Every cell has some troubleshooting guidelines included.

### Step 1 : Importing needed modules
Possible error solutions:
1. Check if the needed packages are installed correctly (View > Tool windows > Python Packages). If not, run the requirements.txt again.
2. If you applied some changes to the environment during this session, restart the PyCharme IDE.

In [11]:
from pyspark.sql import SparkSession
from delta import configure_spark_with_delta_pip

### Step 2 : Setting up environment variables
To avoid setting up the environment variables in your os, this code will set the correct variables.

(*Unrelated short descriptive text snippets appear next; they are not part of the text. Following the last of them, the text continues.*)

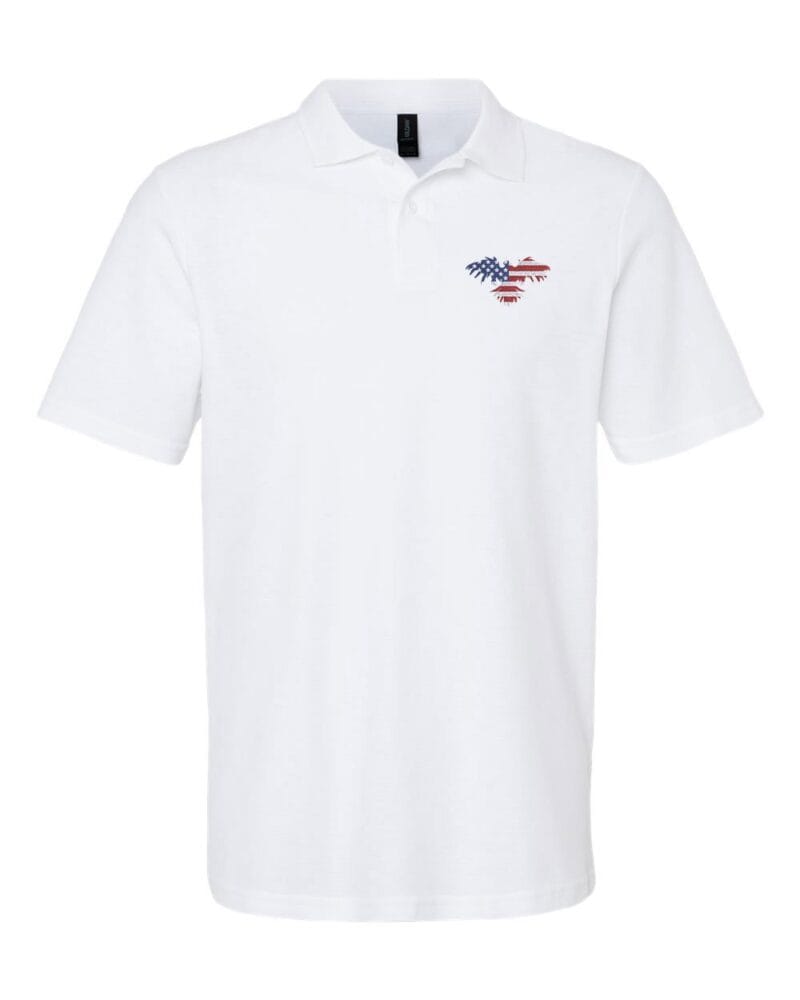 US Flag Colors American Eagle Polo Shirt - Patriotic Apparel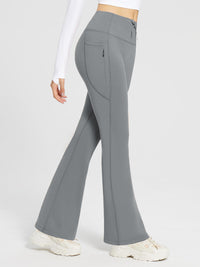 Damen Thermo Yogahose High Waist Flared Leggings Winter Fleece gefütterte Thermohose Drawstring Thermal Leggings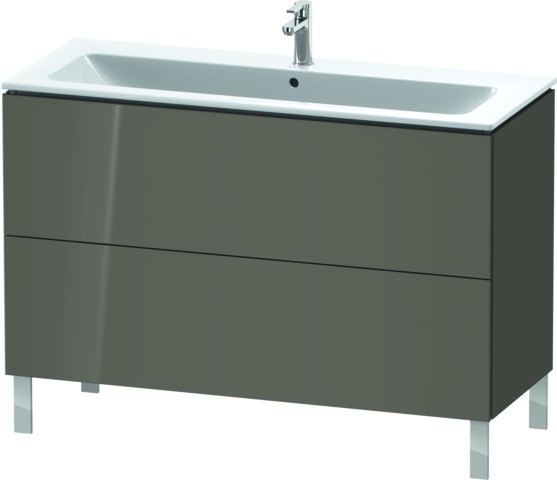 Duravit L-Cube Waschtischunterbau bodenstehend Flanell Grau Hochglanz 1220x481x704 mm - LC662808989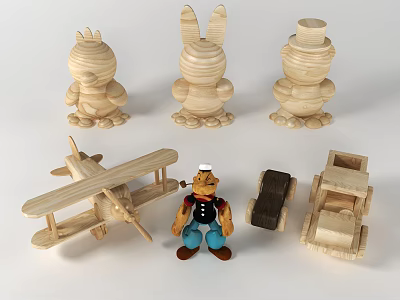 Wooden Dolls And Toys Set With Airplane Car And Cartoon Character Figure 3d model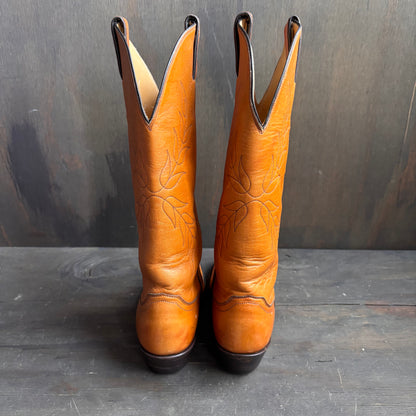 Justin Tan Leather Boots with Floral Stitching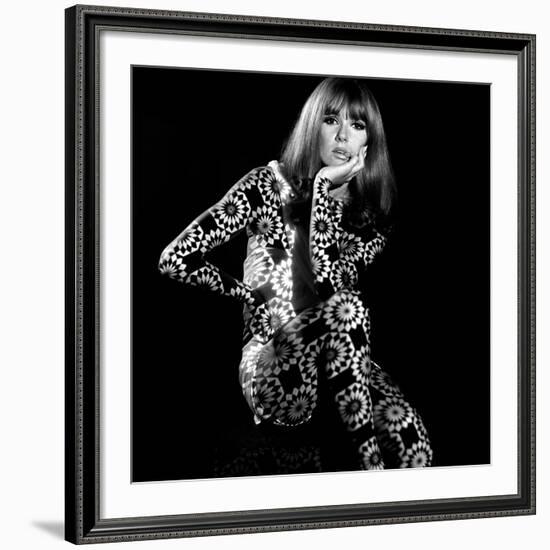 Circle Patterned Projection on Model with Hand on Face, 1960s-John French-Framed Giclee Print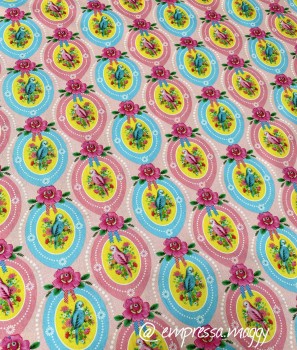 Baumwolle Digital Fiona Hewitt - Candy Bird - Rosa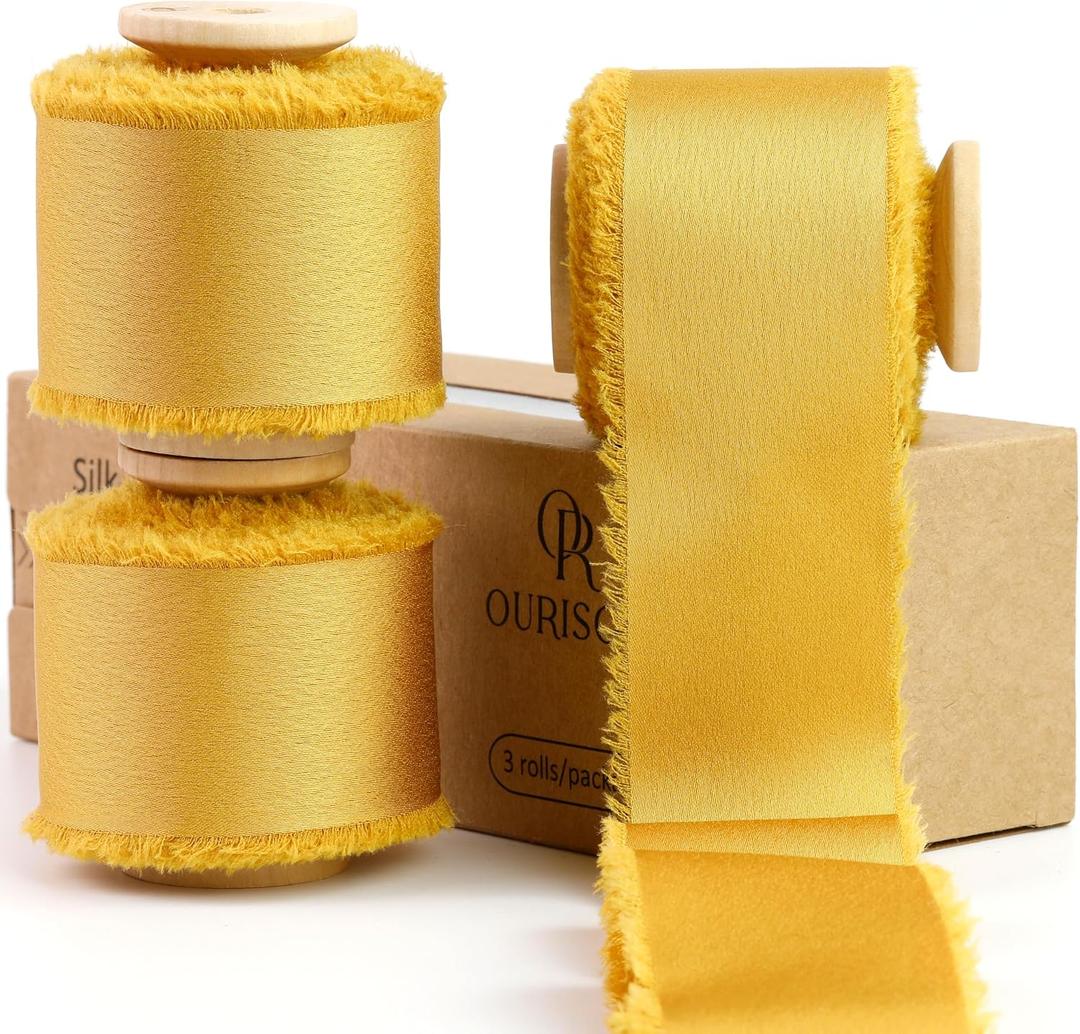 Silk Satin Ribbon 1-1/2 Inch x 30 Yards Gold- Handmade Frayed Ribbons for Gift Wrapping Wedding Party Invitations Bridal Bouquets Baby Showers Holiday Decor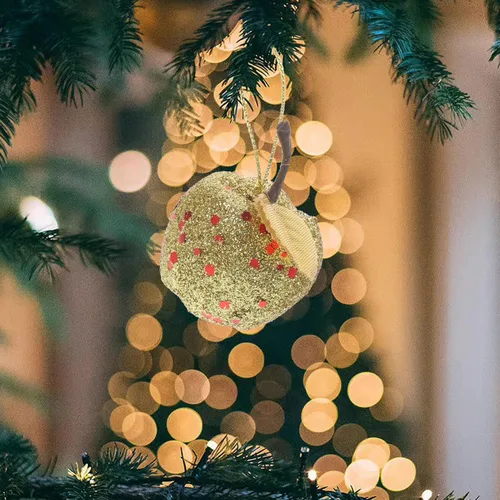 Vista 3 de 20 adornos de manzana para árbol de Navidad, mini adornos colgantes de manzana con purpurina para árbol de Navidad, decoraciones colgantes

Make sure you adjusted ConnectionConfig.py with the correct directories.
Look closely at the listed variables to make sure everything is set correctly. PATH, HADOOP_HOME, JAVA_HOME and SPARK_HOME should be set correctly.


In [12]:
import ConnectionConfig as cc
cc.setupEnvironment()
cc.listEnvironment()

HOMEBREW_PREFIX: /opt/homebrew
COMMAND_MODE: unix2003
INFOPATH: /opt/homebrew/share/info:
SHELL: /bin/zsh
PYTHONPATH: /Users/user/Desktop/sparkdelta
__CFBundleIdentifier: com.jetbrains.pycharm
TMPDIR: /var/folders/k_/tkt88xx94n17f7_nvrzjrkwc0000gn/T/
LC_ALL: en_US.UTF-8
HOME: /Users/user
HOMEBREW_REPOSITORY: /opt/homebrew
PATH: /Users/user/Desktop/sparkdelta/badEnvironment/bin:/Users/user/Library/Java/JavaVirtualMachines/temurin-21.0.2/Contents/Home/bin:/opt/homebrew/opt/python@3.11/bin:/opt/homebrew/opt/python@3.11/bin:/opt/homebrew/bin:/opt/homebrew/opt/python@3.11/bin:/opt/homebrew/bin:/opt/homebrew/sbin:/usr/local/bin:/System/Cryptexes/App/usr/bin:/usr/bin:/bin:/usr/sbin:/sbin:/var/run/com.apple.security.cryptexd/codex.system/bootstrap/usr/local/bin:/var/run/com.apple.security.cryptexd/codex.system/bootstrap/usr/bin:/var/run/com.apple.security.cryptexd/codex.system/bootstrap/usr/appleinternal/bin:/Users/user/Desktop/KDG/VMware Fusion.app/Contents/Public:/usr/local/go/bin:/Users/use

### Step 3 : Configuring the sparkSession
Possible error solutions:
1. Make sure the imports in step 1 succeeded.

In [13]:
builder = SparkSession.builder \
    .appName("InstallCheck") \
    .config("spark.sql.extensions", "io.delta.sql.DeltaSparkSessionExtension") \
    .config("spark.sql.catalog.spark_catalog", "org.apache.spark.sql.delta.catalog.DeltaCatalog") \
    .config("spark.sql.shuffle.partitions", "4") \
    .master("local[*]")

builder = configure_spark_with_delta_pip(builder)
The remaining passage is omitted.